In Ooty, Kathir is an aspiring entrepreneur who has completed hotel management and wants to own a 5-star hotel. Saravanan is working in a startup abroad and lives with his live-in partner Neetu and Ravi is a music school teacher. Their sister Varshini is expecting, who complains about her workaholic husband Santhosh, and Radhika is Ravi's wife, who tries to get back her romantic relationship with Ravi and tries losing weight but he lost interest long back.

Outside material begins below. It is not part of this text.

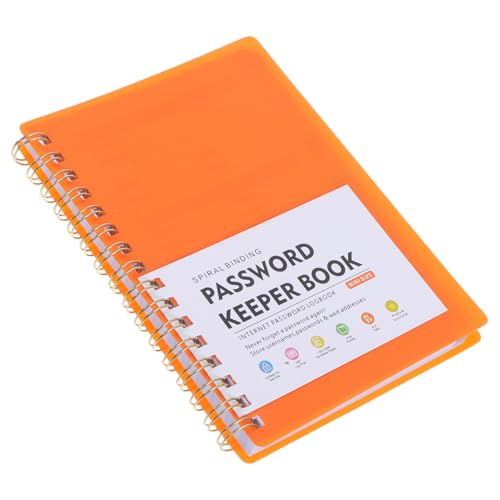 SEWACC Multifunktionales Passwort notizbuch mit Alphabetischen Registerkarten Spiraleschrift für Praktisches Verwalten von Website adressen und Login daten Inklusive Schnellzugriffsindex von SEWACC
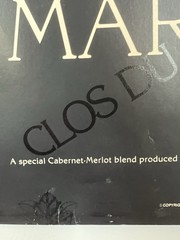 VTG 1981 Clos Du Bois Marlstone Wine Advertising Poster Cabernet Merlot Sonoma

Shruthi is their daughter.

Though Saravana is successful, his girlfriend dumps him with "Shining star" Rohan and soon resigns from his job and comes back to Ooty. He hides the truth from the family but tells only to Varshini as she is close to him. Meanwhile, the land where Kathir wants to build his hotel belongs to a Colonel, who will give the land only within his family. Abi is Kathir's close friend who also has a secret crush on him. At the 25th wedding anniversary of the Colonel, Kathir devises a plan to marry the Colonel's daughter Diya so that he will get the land. Both the parents accept the alliance and plan to get both Saravana's and Kathir's marriage together. Initially hesitant, Saravana still manages his lie. Meanwhile, Ravi is infatuated by Sarah, who runs a music troop and they both have a one-night stand. Later Sarah completely avoids Ravi, and Ravi later gets heartbroken.

Kathir asks Saravanan to pick up Diya from the airport as he will be going to celebrate Abi's birthday. Saravanan reluctantly agrees while Kathir finds Abi's secret wishes in her diary and makes them come true among the last wish being to kiss her favorite person and they share a kiss. After the kiss, Kathir informs that he is getting the land, and breaks Abi's heart. On the other hand, Saravanan and Diya grow closer every day, and slowly they fall in love and Saravanan feels guilty about it. Kathir reveals that the school girl, in his childhood, actually proposed him, but rejected as he didn't want to break their friendship. Knowing this, Saravanan avoids Diya. Meanwhile, Abi goes absconding and Kathir misses her and realizes he is in love with her. As Kathir goes to meet her, he finds her engaged to Arvind and doesn't propose her.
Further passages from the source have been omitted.